Exercise material START

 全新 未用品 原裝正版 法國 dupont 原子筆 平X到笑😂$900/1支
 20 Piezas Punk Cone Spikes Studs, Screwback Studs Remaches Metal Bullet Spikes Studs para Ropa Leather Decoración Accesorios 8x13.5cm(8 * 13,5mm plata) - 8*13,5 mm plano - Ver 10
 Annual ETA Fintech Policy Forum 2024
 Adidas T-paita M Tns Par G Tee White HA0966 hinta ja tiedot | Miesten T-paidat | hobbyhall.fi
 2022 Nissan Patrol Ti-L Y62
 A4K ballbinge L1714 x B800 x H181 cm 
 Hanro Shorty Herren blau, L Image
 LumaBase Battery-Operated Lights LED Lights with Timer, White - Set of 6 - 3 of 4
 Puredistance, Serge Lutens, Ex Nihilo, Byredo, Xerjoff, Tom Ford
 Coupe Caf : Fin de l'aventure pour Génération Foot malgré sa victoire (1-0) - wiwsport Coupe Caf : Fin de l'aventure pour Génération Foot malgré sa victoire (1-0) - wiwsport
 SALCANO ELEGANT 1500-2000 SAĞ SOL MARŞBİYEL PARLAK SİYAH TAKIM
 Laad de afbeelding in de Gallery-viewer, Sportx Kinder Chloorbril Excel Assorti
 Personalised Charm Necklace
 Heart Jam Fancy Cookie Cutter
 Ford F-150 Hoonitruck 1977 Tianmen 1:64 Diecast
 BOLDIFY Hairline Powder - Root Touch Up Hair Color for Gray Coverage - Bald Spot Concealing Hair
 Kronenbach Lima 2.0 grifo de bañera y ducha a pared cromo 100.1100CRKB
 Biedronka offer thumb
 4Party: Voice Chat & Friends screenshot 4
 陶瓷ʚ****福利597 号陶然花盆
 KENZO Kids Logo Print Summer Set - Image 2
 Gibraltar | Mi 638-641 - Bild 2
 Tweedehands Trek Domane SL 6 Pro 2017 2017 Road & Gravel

Exercise material END

Every record above is to be restated exactly as it reads.

 全新 未用品 原裝正版 法國 dupont 原子筆 平X到笑😂$900/1支
 20 Piezas Punk Cone Spikes Studs, Screwback Studs Remaches Metal Bullet Spikes Studs para Ropa Leather Decoración Accesorios 8x13.5cm(8 * 13,5mm plata) - 8*13,5 mm plano - Ver 10
 Annual ETA Fintech Policy Forum 2024
 Adidas T-paita M Tns Par G Tee White HA0966 hinta ja tiedot | Miesten T-paidat | hobbyhall.fi
 2022 Nissan Patrol Ti-L Y62
 A4K ballbinge L1714 x B800 x H181 cm 
 Hanro Shorty Herren blau, L Image
 LumaBase Battery-Operated Lights LED Lights with Timer, White - Set of 6 - 3 of 4
 Puredistance, Serge Lutens, Ex Nihilo, Byredo, Xerjoff, Tom Ford
 Coupe Caf : Fin de l'aventure pour Génération Foot malgré sa victoire (1-0) - wiwsport Coupe Caf : Fin de l'aventure pour Génération Foot malgré sa victoire (1-0) - wiwsport
 SALCANO ELEGANT 1500-2000 SAĞ SOL MARŞBİYEL PARLAK SİYAH TAKIM
 Laad de afbeelding in de Gallery-viewer, Sportx Kinder Chloorbril Excel Assorti
 Personalised Charm Necklace
 Heart Jam Fancy Cookie Cutter
 Ford F-150 Hoonitruck 1977 Tianmen 1:64 Diecast
 BOLDIFY Hairline Powder - Root Touch Up Hair Color for Gray Coverage - Bald Spot Concealing Hair
 Kronenbach Lima 2.0 grifo de bañera y ducha a pared cromo 100.1100CRKB
 Biedronka offer thumb
 4Party: Voice Chat & Friends screenshot 4
 陶瓷ʚ****福利597 号陶然花盆
 KENZO Kids Logo Print Summer Set - Image 2
 Gibraltar | Mi 638-641 - Bild 2
 Tweedehands Trek Domane SL 6 Pro 2017 2017 Road & Gravel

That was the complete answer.